Natürlich hat es einen Rückgang der Rendite gegeben bei der Lebensversicherung. Zu jeder Zeit wird gesagt: Die Lebensversicherung bietet zu wenig. Doch sie bietet es stabil. Und bisher ist noch keiner schlecht damit gefahren. Sicher, eine Lebensversicherung allein wird Sie nicht froh machen – niemand sollte alles auf ein Pferd setzen. Doch wer eine Lebensversicherung abschließt, kauft sich auch schon eine Streuung mit ein, denn wir legen das Kapital breit und global an. Bedenken Sie immer: Die Masse der Bevölkerung hat nicht das Know-how oder die Zeit dafür, sich um Verwaltung von Aktien zu kümmern.

Konkurrenz machen der Lebensversicherung auch neue Angebote von Versicherungs-Start-ups. Wie sehr sind solche Insure-Techs für Sie eine Gefahr?

Gar nicht. Sie sind vielmehr eine Quelle der Inspiration. Einige Start-ups sind uns zum Beispiel bei der Kundenbetreuung voraus, sie sind schneller, digitaler. Deshalb sehen wir sie aber nicht als Bedrohung an – im Gegenteil: Wir kooperieren miteinander. Verkürzt gesagt haben wir die Kunden, aber keine perfekten Prozesse. Die Start-ups haben diese Prozesse, aber keine Kunden. Und haben auch Schwierigkeiten, solche zu bekommen. Das ergänzt sich hervorragend. Deshalb unterstützen wir das Kölner InsurLab und investieren jährlich in der R+V mehr als 100 Millionen Euro in die Digitalisierung.

Gibt es schon etwas Konkretes, was dabei herumgekommen ist?

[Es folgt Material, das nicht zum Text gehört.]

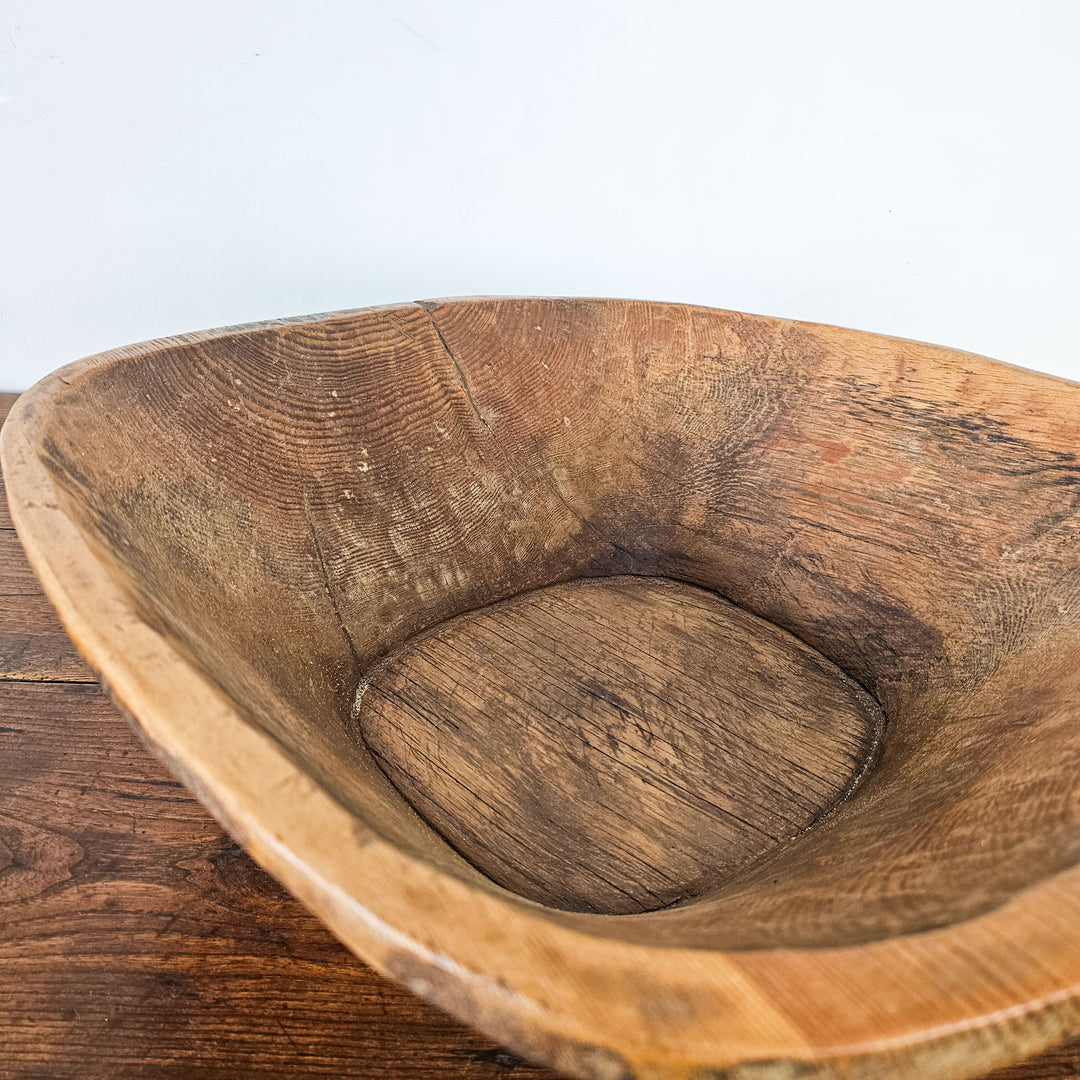 Vintage dough bowl, adding warmth and character to any space.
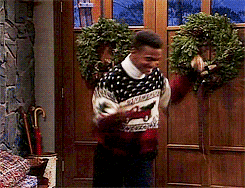 Carlton dancing in a Christmas sweater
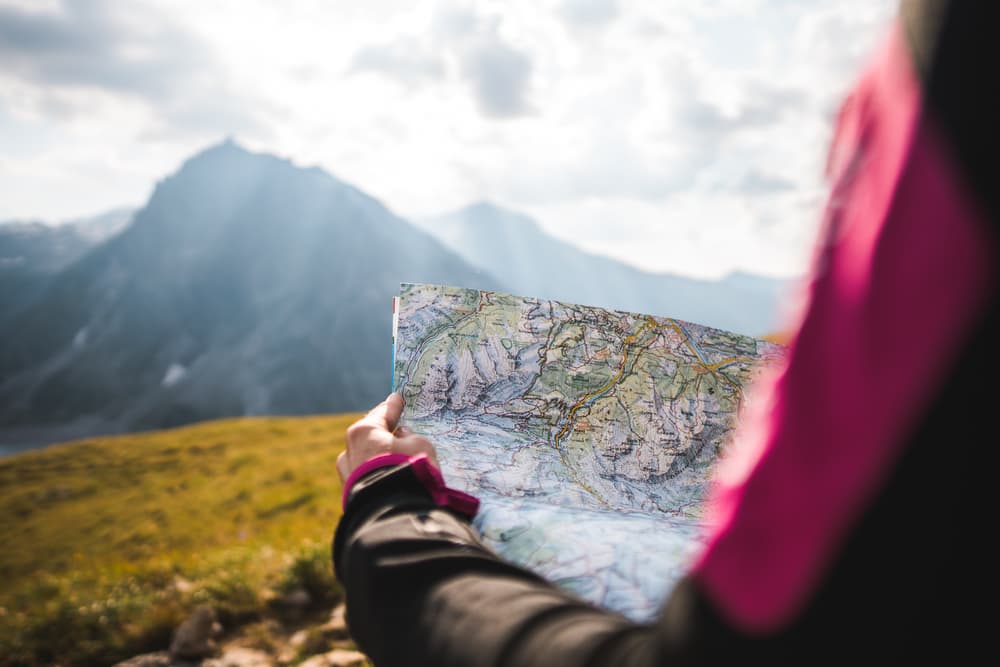 woman holding topographical map overlooking mountains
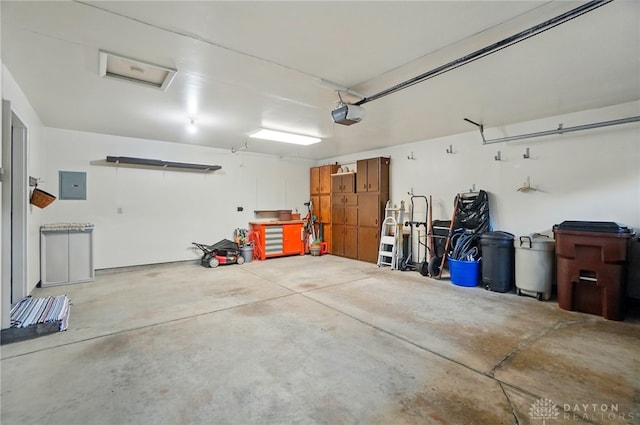 348 Cambridge Dr, Fairborn, OH 45324 - garage featuring electric panel and a garage door opener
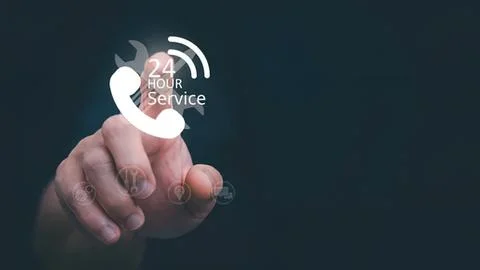 Hand touching virtual 24 hour service icon on dark background Stock Photos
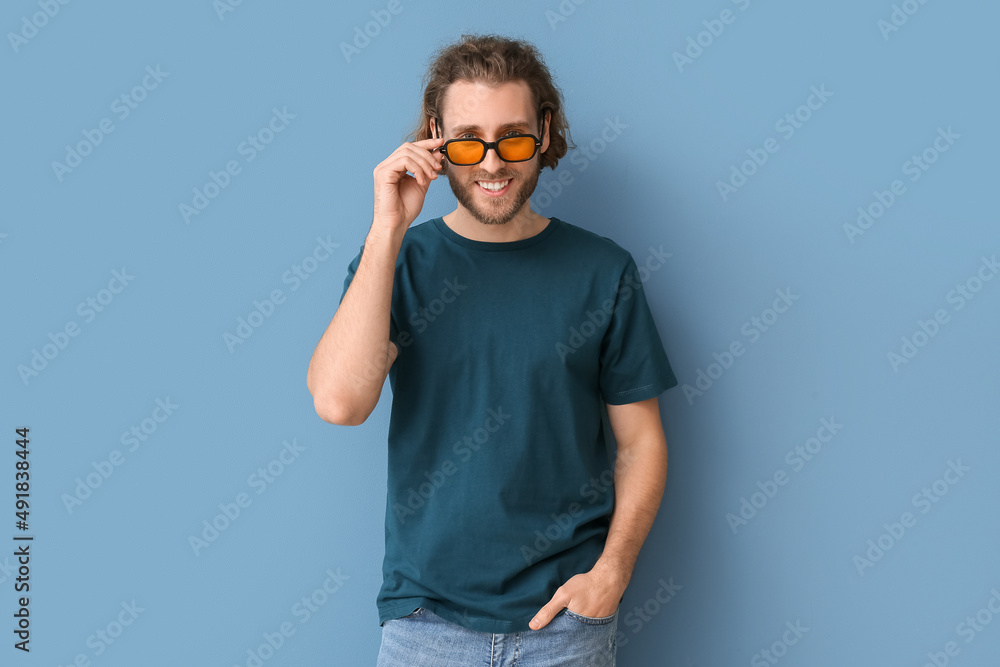 Handsome young man in stylish t-shirt on blue background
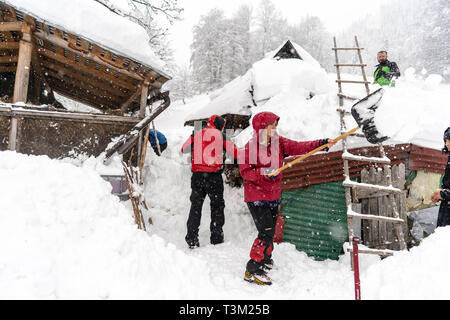 Wanderer freiwillig helfen den Schnee in einem abgelegenen Kloster auf dem Hauptweg auf 1400 m Höhe im Nationalpark Retezat, Rumänien entfernt Schaufeln, Stockfoto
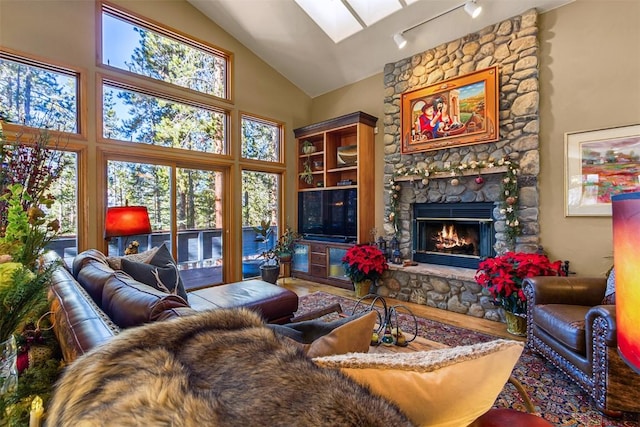 living room featuring a fireplace, high vaulted ceiling, and a skylight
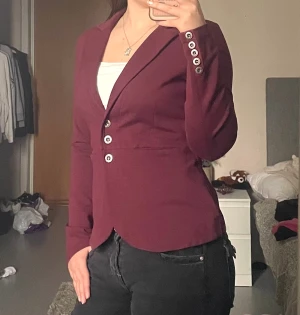 Vinröd kavaj från House of Lola - Snygg vinröd kavaj från House Of Lola med figurnära passform, klassisk krage och tre knappar framtill. Långa ärmar med dekorativa knappar vid ärmslut och broderad detalj av en älva i nacken. Mjukt collegetyg som är stretchigt och skönt att bära. Nypris ca: 900kr. Missfärgad vid insidan av kragen, men inget som syns vid användning.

Ja. Sie können sich zum Beispiel inzwischen über ein Video-Identifikationsverfahren bei unserem Kundenportal registrieren. Dahinter steckt eine künstliche Intelligenz eines Start-ups, es geht vollautomatisch in wenigen Minuten. Vorher haben sich die Kunden online registriert und dann Tage später einen Brief mit Zugangsdaten von uns bekommen. Inzwischen nutzen fast alle das neue Verfahren.

Vielen Dank für das Gespräch, Herr Rollinger.